Data masking – a way forward for analytics?
Duncan McKay, Business Development Manager at PBT Group
While not widespread yet, data masking is gaining momentum in the corporate environment as an effective strategy to address the regulatory requirements of protecting personal information.
This is a method of creating a structurally similar but inauthentic version of the data at a company to be used for analytical purposes. As the name suggests, it masks personal identifiers on an individual record level. It is especially advantageous to quantitative analysts who build new machine learning models to optimise and automate operational decision-making.
In my experience, many large organisations are finding it difficult to govern what employees are doing with personal data, given how analysts are scattered throughout the company. As such, these businesses are looking at either the masking or tokenisation of data. So, while masking obfuscates the data making it impossible to link back to the original person, tokenisation swaps out sensitive data with a randomised data value in the same format but with no intrinsic value of its own.
This makes it an ideal way for companies to build customer behaviour models without knowing who the individual is.

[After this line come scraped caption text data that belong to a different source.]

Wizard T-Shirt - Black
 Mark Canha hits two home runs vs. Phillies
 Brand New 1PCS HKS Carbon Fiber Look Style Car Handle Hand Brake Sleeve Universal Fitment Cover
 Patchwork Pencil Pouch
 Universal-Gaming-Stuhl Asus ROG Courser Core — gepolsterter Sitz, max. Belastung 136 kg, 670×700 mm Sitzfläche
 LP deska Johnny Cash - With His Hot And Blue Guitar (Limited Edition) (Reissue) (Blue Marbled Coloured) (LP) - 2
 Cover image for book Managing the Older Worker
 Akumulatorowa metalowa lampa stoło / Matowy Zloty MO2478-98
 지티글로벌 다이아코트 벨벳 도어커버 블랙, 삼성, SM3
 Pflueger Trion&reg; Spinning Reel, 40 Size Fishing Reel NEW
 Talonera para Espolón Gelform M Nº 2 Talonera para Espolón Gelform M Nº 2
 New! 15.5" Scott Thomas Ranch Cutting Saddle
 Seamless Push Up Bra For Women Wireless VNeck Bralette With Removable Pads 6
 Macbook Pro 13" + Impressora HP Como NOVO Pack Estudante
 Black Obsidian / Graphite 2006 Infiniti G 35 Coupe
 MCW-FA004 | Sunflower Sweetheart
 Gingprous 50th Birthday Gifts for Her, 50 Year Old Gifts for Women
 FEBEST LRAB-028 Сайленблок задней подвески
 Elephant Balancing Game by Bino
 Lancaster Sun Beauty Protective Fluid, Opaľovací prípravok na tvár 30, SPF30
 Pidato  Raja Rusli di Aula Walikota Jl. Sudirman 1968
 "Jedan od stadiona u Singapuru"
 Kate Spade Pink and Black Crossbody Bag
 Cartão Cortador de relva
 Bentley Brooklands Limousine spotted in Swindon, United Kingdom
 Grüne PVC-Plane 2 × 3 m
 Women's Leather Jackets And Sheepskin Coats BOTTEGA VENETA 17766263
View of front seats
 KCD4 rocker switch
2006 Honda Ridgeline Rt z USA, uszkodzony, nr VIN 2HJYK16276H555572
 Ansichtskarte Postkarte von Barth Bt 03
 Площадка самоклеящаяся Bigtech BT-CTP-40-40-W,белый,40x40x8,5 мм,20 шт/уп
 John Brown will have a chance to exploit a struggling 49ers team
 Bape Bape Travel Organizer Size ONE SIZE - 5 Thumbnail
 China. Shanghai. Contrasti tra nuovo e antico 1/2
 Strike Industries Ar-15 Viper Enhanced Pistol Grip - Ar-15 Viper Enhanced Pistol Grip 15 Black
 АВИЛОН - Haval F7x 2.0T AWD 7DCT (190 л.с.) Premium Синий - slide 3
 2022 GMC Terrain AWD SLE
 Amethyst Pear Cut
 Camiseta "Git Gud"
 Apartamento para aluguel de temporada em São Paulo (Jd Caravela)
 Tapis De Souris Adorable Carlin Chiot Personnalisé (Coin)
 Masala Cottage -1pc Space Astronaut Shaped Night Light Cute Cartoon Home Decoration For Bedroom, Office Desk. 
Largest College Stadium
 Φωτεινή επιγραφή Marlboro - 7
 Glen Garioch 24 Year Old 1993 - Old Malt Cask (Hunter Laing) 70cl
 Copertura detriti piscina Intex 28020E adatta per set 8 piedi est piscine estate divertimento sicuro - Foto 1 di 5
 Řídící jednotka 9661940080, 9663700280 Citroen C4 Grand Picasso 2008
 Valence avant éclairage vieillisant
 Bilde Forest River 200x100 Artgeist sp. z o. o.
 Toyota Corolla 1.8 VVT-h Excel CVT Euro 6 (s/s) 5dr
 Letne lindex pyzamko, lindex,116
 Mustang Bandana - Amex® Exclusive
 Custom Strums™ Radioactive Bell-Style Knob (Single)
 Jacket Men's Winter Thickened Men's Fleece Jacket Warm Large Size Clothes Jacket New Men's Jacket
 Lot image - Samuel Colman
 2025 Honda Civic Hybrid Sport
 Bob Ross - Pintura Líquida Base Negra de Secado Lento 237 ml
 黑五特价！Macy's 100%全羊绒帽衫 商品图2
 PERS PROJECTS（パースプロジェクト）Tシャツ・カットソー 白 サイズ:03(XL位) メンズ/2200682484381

The primary benefit of data masking or tokenisation is that it is designed to protect personal information. For example, a company might contract a data analysis firm to create analytical models while not being able to see the content of its data. If data masking is employed, the contracted developers will have access to an environment where they can use data that resembles the live data and not risk abusing the intellectual property of the client.
However, being able to identify patterns in data to still resemble live production data makes this an extremely complex process. There is a significant amount of intelligence required to ensure none of the value behind the information gets lost.
Furthermore, it introduces a new step in the data lifecycle. This means data is captured and analysed, and then algorithms are developed to obfuscate it. Depending on the size of the project, this could have a significant impact on the timeline. It could potentially introduce new risks and pitfalls if the sample size of data that the company prepares for masking is not effectively represented.
Because of this complexity, data masking is not prevalent in the local industry yet. Many organisations still prefer to go with the more accessible tokenisation method, which protects against cyber-risk, but potentially sacrifices the protected data’s analytical value.
Companies might only realise the value of masking and tokenisation if they experience a cyber security incident that impacts the quality of their data. This could be the catalyst required to start pushing companies into that direction. And as that happens, it will be prudent to scrutinise the privacy security strategies beyond mere operational security as provided by tokenisation. Companies must be sure to consider privacy approaches that also preserve the data’s analytical insight structure, such as indicated through data masking offerings.
Even though it is difficult to predict how quickly data masking will start being adopted, the potential of reinventing organisational systems in a post-lockdown world might give it the impetus needed to start gaining some traction and to start being used more often to the benefit of the overall analytics process.